§ Action item: Look through the data below for the line with "Cinto Automático Masculino" and the line with "Load image into", then output those two and all lines in between, exactly as written.

———

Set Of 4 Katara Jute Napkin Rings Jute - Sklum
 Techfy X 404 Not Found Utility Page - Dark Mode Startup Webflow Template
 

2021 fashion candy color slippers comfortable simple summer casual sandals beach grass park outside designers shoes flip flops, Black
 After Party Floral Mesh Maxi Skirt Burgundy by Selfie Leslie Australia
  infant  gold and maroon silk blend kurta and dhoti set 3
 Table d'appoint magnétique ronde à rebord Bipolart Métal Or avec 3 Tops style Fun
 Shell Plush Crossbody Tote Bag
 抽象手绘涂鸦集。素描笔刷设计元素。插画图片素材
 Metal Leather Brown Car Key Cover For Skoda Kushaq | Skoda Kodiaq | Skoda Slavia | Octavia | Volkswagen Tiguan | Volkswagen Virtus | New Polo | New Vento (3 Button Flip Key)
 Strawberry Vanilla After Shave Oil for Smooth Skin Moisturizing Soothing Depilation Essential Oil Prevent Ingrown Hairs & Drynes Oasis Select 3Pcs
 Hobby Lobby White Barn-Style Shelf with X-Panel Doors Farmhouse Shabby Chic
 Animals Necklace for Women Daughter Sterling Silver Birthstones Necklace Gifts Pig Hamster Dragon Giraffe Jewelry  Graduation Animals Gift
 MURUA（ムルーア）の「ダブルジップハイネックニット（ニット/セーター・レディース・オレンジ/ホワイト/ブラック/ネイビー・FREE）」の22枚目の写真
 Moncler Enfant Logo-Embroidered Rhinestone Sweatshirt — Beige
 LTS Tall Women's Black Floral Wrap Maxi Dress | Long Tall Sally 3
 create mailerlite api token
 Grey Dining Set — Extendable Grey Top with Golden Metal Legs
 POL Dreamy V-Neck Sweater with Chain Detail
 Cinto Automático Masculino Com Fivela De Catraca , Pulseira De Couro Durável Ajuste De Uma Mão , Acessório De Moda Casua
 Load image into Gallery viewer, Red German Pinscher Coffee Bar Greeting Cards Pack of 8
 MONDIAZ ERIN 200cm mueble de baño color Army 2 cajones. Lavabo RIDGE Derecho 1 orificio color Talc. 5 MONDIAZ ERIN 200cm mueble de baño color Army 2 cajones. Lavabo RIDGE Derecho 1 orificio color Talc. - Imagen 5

———

§ Output for this task:
 Cinto Automático Masculino Com Fivela De Catraca , Pulseira De Couro Durável Ajuste De Uma Mão , Acessório De Moda Casua
 Load image into Gallery viewer, Red German Pinscher Coffee Bar Greeting Cards Pack of 8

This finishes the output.